Many initiatives have been launched both at national and European level to achieve the European objectives for climate and energy by 2030 and for the Paris Agreement. One of these is now a reference about environmental policies and governmental actions: CEN Workshop Agreement (CWA) 17675 ‘Mapping of the mandatory and voluntary Carbon Management framework in the EU’.
Published last 17 March, it is based on a proposal by UNI, the Italian National Standardization Body, that involved European companies such as JRC, ADEME, CLEOPA, in addition to other National Standardization Bodies such as DIN and BSI.

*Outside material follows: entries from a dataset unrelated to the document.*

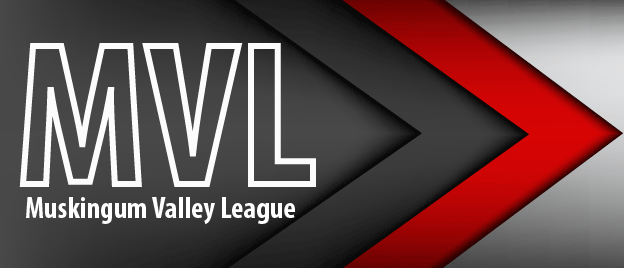 MVL Football Standings Update - WHIZ - Fox 5 / Marquee Broadcasting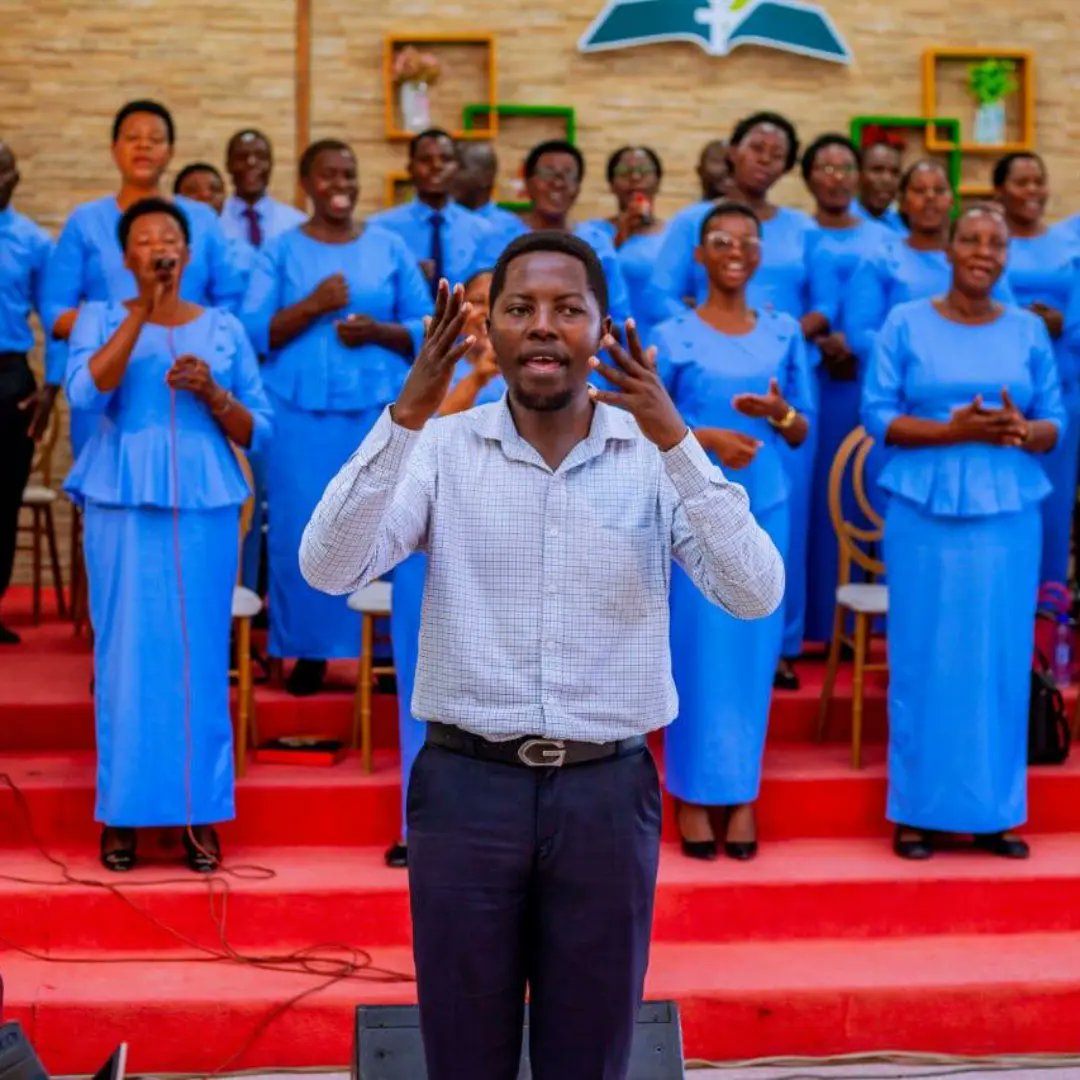 KIBADASDA's tweet photo. #Sifa na utukufu ni zake BWANA.
Tumtumikie yeye siku zote za maisha yetu.
#Imba #Sali #Omba
Bado Ungali hai,
#Saa ya wokovu ni sasa. https://t.co/iYuANUVfDC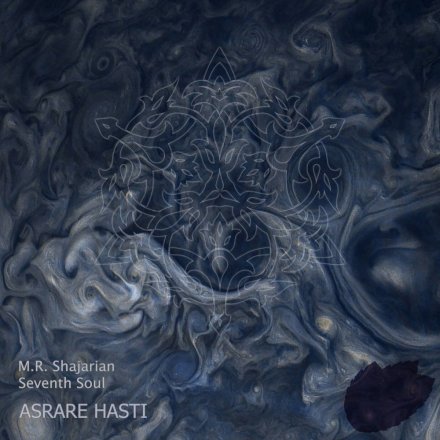Asrare Hasti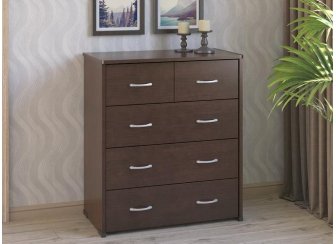 Комод КВ-42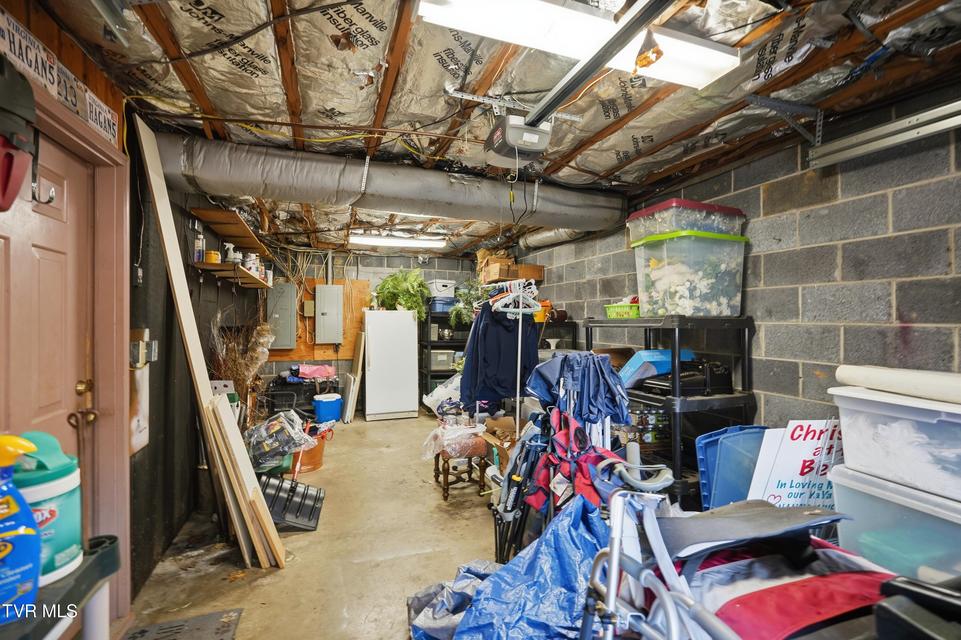 Photo #60: 1511 Mountain View Avenue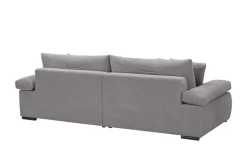 bobb Big Sofa Hella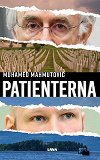 Cover for Patienterna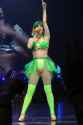 katy9.jpg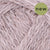 040 Yorkstone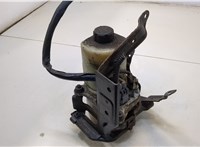  Насос электрический усилителя руля Ford Focus 2 2005-2008 20339558 #3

The document collects the regulatory (voluntary) and legislative (mandatory) tools existing in Europe for carbon management, clarifying the relationships and increasing their synergy, in order to maximise the effectiveness of the mitigation actions of greenhouse gases (GHG), facilitating adaptation to climate change and making the path established by EU policies interacting with market dynamics.
From the Kyoto Protocol to the Emissions Trading System (EU ETS) and the Green Deal, from the Environmental Footprint of products and organizations (PEF/OEF) to Sustainable Finance as mandatory policies, this document identifies possible synergies with EN ISO 14064, EN ISO 14065 and EN ISO 14067 on greenhouse gases, after providing a mapping of greenhouse gas emissions in Europe by sector.
Objectives such as revising the emissions trading scheme, reducing national emissions for sectors outside the ETS, or changing the land and forestry use for long-term climate change mitigation, can be more easily achieved if the mandatory and voluntary regulatory framework is clear and well defined and if the organisations responsible for actions in support of these objectives know how to orient themselves in the articulated European legislative and regulatory framework.
CWA 17675 is also the basic document from which the newly established CEN/TC 467 ‘Climate change’ will be able to start its own activities aimed at addressing the issues of mitigation and adaptation to climate change. Importantly, the Paris Agreement can mark a turnaround on climate change, as long as decarbonisation is accelerated, i.e. the abandonment of fossil fuels and the transition to renewable energy and to models of efficiency and energy saving.